There are many psychometric, biopsychosocial, psychographic and neurolinguistic categorisation systems out in the world and they can be confusing. But they can all have their merits and be useful when we are designing behavioural communication and marketing strategies to have the most impact.
Over the coming weeks, we will be looking at variations of these with the aim of, towards the end of this series of articles, distilling them down into useful, usable tools for profiling and developing personas within your strategic communications plan.
But do people want to change?
Of course as the old saying goes “you can lead a horse to water but you can’t make them drink” and its true that you may manage to get your message in front of your target audience but if they do not want to change it is going to be an uphill battle. This is why we are encouraging you to design detailed and integrated personas for your target audience. This way we can then show you how you use this information to create compelling arguments that are more likely to persuade them or trigger them to make or affect behavioural personal or social change.
Value the change you make
Peoples value maps are different. In order to affect change, we need to understand the value systems that people are working to and not assume that their values are the same as ours.

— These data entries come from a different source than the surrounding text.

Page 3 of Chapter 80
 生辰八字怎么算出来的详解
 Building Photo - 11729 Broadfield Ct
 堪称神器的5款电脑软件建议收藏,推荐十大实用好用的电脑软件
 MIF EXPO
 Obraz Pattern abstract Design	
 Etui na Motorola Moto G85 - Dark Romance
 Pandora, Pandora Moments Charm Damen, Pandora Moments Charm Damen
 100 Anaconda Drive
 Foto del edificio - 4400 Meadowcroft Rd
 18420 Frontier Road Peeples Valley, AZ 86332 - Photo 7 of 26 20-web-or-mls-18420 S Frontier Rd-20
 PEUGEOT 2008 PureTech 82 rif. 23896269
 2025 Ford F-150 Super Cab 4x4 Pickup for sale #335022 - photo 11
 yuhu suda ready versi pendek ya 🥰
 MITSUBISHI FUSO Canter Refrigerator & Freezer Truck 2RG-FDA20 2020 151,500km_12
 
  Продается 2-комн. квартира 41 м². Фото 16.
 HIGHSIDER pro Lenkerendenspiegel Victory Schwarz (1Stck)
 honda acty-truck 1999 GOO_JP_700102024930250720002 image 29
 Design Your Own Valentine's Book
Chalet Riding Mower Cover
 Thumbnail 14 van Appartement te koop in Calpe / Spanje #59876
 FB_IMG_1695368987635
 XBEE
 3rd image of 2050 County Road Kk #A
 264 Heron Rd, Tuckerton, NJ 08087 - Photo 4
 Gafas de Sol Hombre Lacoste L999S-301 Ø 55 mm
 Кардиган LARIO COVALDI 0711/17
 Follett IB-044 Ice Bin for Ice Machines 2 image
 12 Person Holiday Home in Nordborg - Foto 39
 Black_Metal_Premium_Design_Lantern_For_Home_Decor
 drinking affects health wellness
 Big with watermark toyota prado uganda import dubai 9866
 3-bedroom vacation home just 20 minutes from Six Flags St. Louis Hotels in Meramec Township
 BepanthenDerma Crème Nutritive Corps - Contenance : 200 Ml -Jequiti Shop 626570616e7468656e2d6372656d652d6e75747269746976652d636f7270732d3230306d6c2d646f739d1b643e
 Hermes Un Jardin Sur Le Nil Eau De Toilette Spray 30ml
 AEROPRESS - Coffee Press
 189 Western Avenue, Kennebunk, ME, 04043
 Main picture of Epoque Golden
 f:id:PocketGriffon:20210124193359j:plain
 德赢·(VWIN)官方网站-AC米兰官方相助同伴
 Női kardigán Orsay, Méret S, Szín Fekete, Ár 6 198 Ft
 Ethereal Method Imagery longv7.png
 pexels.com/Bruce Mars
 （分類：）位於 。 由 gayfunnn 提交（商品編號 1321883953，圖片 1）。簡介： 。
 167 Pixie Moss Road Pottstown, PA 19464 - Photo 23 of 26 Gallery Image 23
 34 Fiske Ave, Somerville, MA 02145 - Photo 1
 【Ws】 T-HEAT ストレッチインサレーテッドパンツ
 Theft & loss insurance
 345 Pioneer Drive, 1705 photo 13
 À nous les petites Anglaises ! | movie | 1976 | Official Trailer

Our values are tied into and are a driving force of, our beliefs and our values and beliefs will affect our behaviours.
If we want to affect behavioural change on an individual or social level we need to understand and affect change within a persons or social groups values and beliefs. As these are core foundations of their identity we need to tread carefully. But over time we can learn to skilfully address social and behavioural change by understanding a persons world view, their maps of reality and linguistic structure of limiting or negative belief and appeal to their value systems.